Homework 6: Correlations.¶
Instructions: Please answer the following questions and submit your work by editing this jupyter notebook and submitting it on Canvas. Questions may involve math, programming, or neither, but you should make sure to explain your work: i.e., you should usually have a cell with at least a few sentences explaining what you are doing.
Also, please be sure to always specify units of any quantities that have units, and label axes of plots (again, with units when appropriate).
import numpy as np
import matplotlib.pyplot as plt
rng = np.random.default_rng()
1. Ever Upwards¶
You are part of a team aiming to predict future costs for a coffee shop, and are given the following model. Let $X_0 = \$1.50$ be the price (to the shop) of a cup of coffee today, and model the price $n$ weeks from now as $X_n = X_{n-1} + Z_n$, where each $Z_n$ has a Normal distribution with mean \$0.10 and standard deviation \$0.10, and is independent of other $Z$. We want to see how well we can predict prices for the next 10 weeks under this model.
(a) If we define $Z = (Z_1, Z_2, \ldots, Z_{10})$, and $X = (X_1, X_2, \ldots, X_{10})$, then (taking $X$ and $Z$ to be column vectors) we can write $X = X_0 + AZ$ for some matrix $A$. What is that matrix?

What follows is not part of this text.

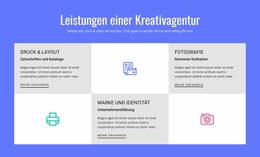 Kreative Werbeagentur Dienstleistungen Unternehmen WordPress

(b) What is the mean and covariance matrix of $X$? Explain, and check by simulation.
2. Books by a different name¶
In class, we did PCA on word count data from passages from three books. The passages are in the file data/passages.txt and the sources of each passage are in data/passage_sources.tsv. Repeat the analysis. You may use the same code from class to read in and process the data, but you should use scikit-learn to do the PCA. Your results should be similar but not the same as those from class, since scikit-learn's implementation differs somewhat. Also, you don't need to show everything that we did in class (use your judgement) but we encourage you to explore.

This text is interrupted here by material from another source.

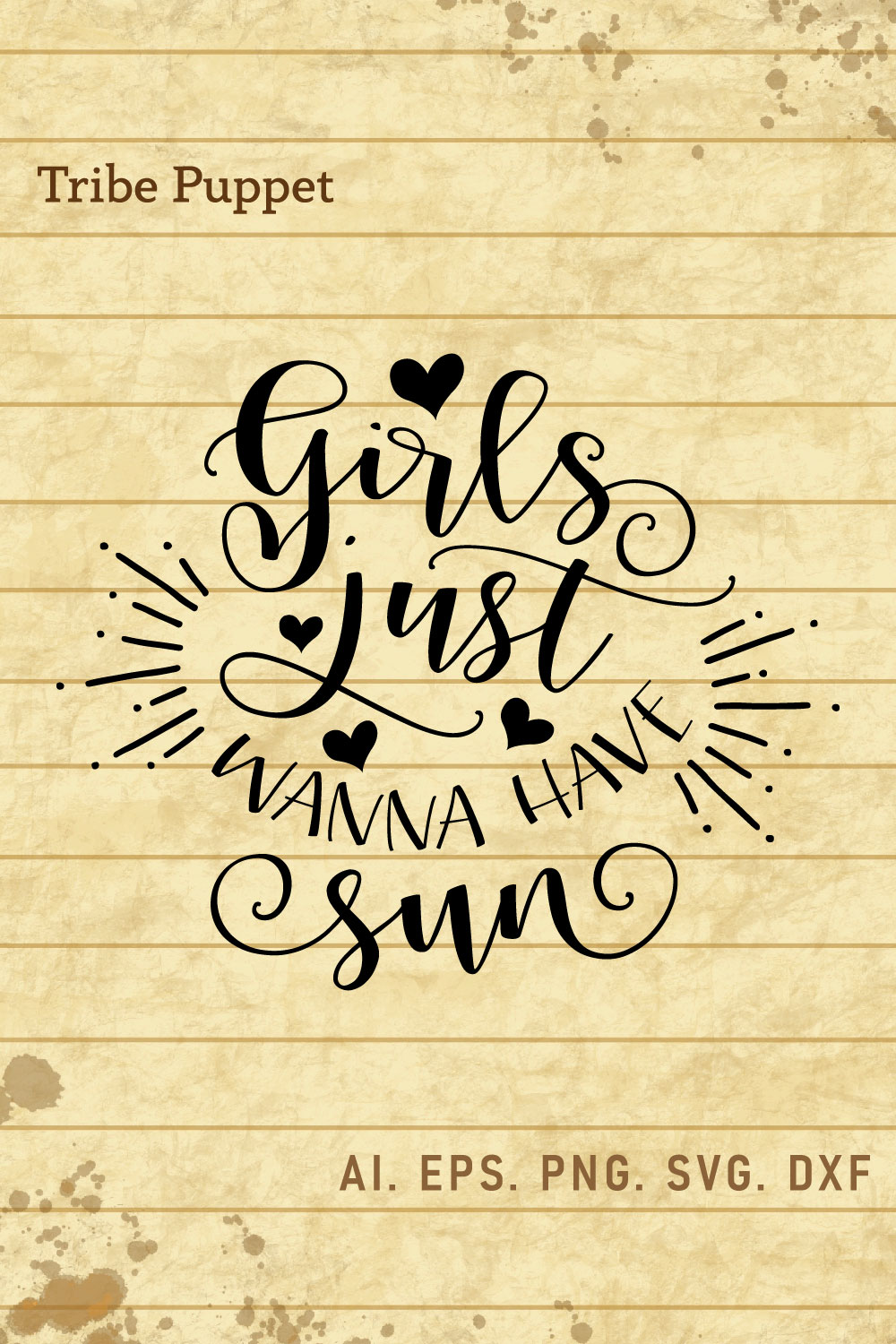 GIRLS JUST WANNA HAVE SUN pinterest preview image.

Note: part of this question is to figure out how what another method gives you maps on to what we discussed in class. Big clues are provided by the sizes of various outputs.
3. The Matrix¶
The secret vault can only be unlocked by a stream of numbers satisfying certain statistical properties. You can pass in 5 floating-point numbers at a time, and each set of 5 must be related to eachother in the following way: they should be Normally distributed with mean zero and the ($5 \times 5$) covariance matrix: $$\begin{aligned} M_{ij} = (1+i+j) \times 2^{-|i-j|} \qquad \text{for } 1 \le j \le 5, \quad 1 \le i \le 5 . \end{aligned}$$ Write a function to produce a random set of 5 numbers of this form, and test the result by verifying that (a) $\text{var}[X_2] = 5$ and (b) $\text{cov}[X_3,X_5] = 2.25$.